Au Renard Prechant. A classic Old World the Old world.

Au Renard Prechant. A classic Old World restaurant….in the Old world.

What I love about David giving me some morels is this: Many years ago, I dined at a wonderful restaurant in Strasbourg, France, called Au Renard Prechant. I had a veal chop with morels that I will never, ever forget.

Years later, when chef Baruthio told me he was from Strasbourg, I asked him if he’d ever been to Au Renard Prechant.

“Oui,” he said. “My father used to own it.”

Small world, n’est-ce-pas? The restaurant has long since passed from his father’s hands, but I love the fact that here in amerique profonde was the next generation treating me to some morels….
PS: If you want to see David in action, skip below this recipe to a link to video showing him making a fresh morel-asparagus salad. Oh my!

Anyway, here’s what I did with the lovelies that David gave me:

Chicken with Morels
Makes 4 servings

There’s a little more butter and cream in this dish than I use in most of the recipes in my book….but methinks that morel season calls for a little indulgence.

4 boneless, skinless chicken breast halves (about 1 1/4 lbs. total)
Salt and pepper to taste
1/4 cup all-purpose flour
3 tablespoons butter
1/2 pound fresh morel mushrooms, sliced in half lengthwise
1 tablespoon olive oil
1/4 cup finely chopped shallots
1 1/4 cups dry white wine
1/4 cup heavy cream
2 tablespoons snipped fresh chervil and/or and chives

1. Season both sides of the chicken with salt and pepper. Dredge the chicken in the flour; shake off excess four; set aside.
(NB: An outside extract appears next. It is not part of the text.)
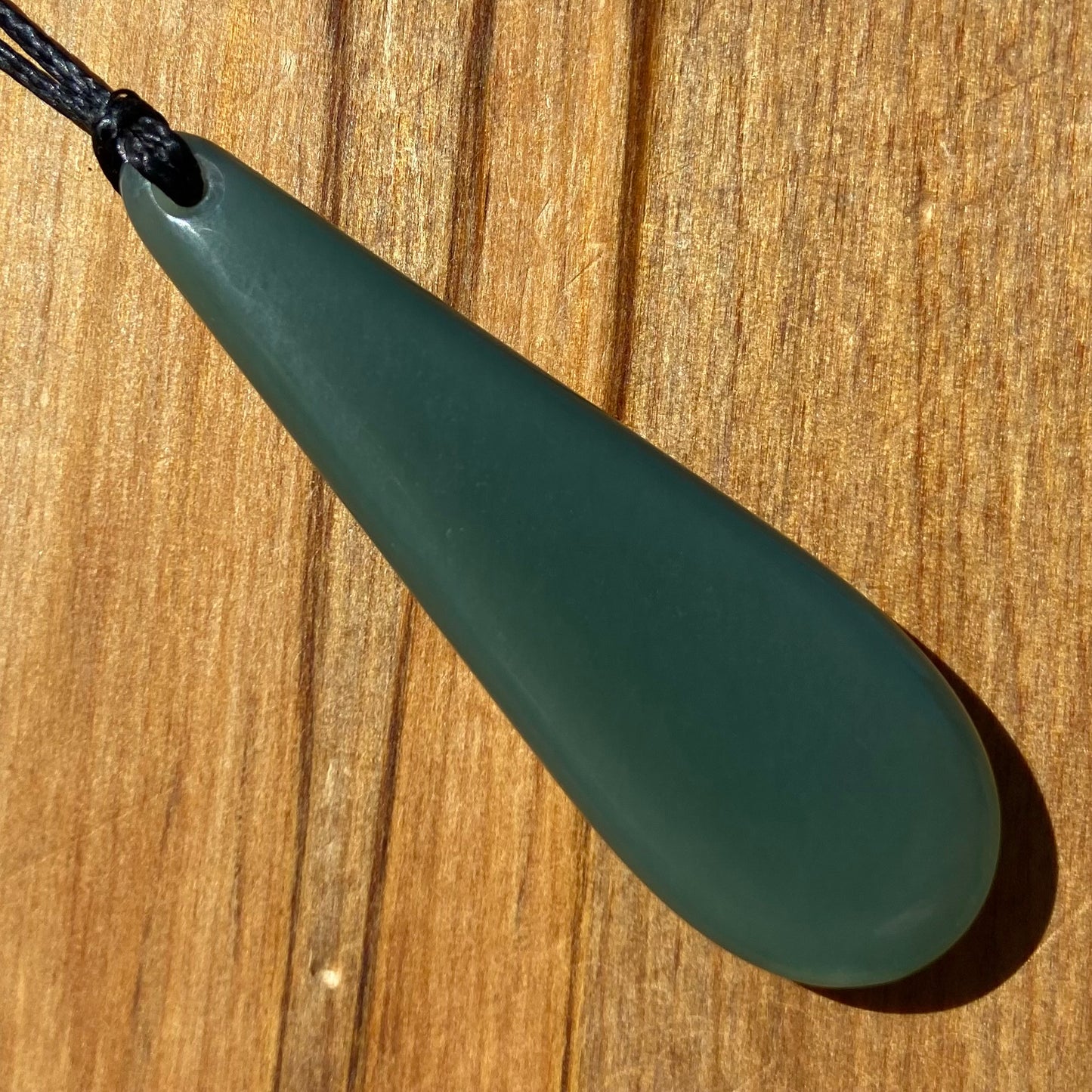 Roimata teardrop pendant carved from New Zealand inanga pounamu (greenstone). Back.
2. In a large skillet, melt 1 tablespoon the butter over medium-high heat; reduce heat to medium. Add the morels; cook about 3 minutes or until tender and brown, turning as needed; season with salt and pepper to taste. Remove to a plate in a warm spot.

3. Add the olive oil to the pan. Add chicken and cook for 6 to 8 minutes, or until lightly brown.  Scatter the shallots around (not on top of) the chicken in the pan. Let the shallots cook for about 30 seconds. Pour the wine around (not on top of) the chicken; stir the wine and shift the breasts around and loosen any browned bits underneath the chicken.

4. Let the chicken simmer in the liquid until chicken is done (170°F on an instant-read thermometer). This should take about 5 to 7 minutes more. Do not turn the chicken–you want to keep the top of the chicken dry so that it looks enticingly brown. If liquid reduces too much before the chicken is done, add a little water to the pan.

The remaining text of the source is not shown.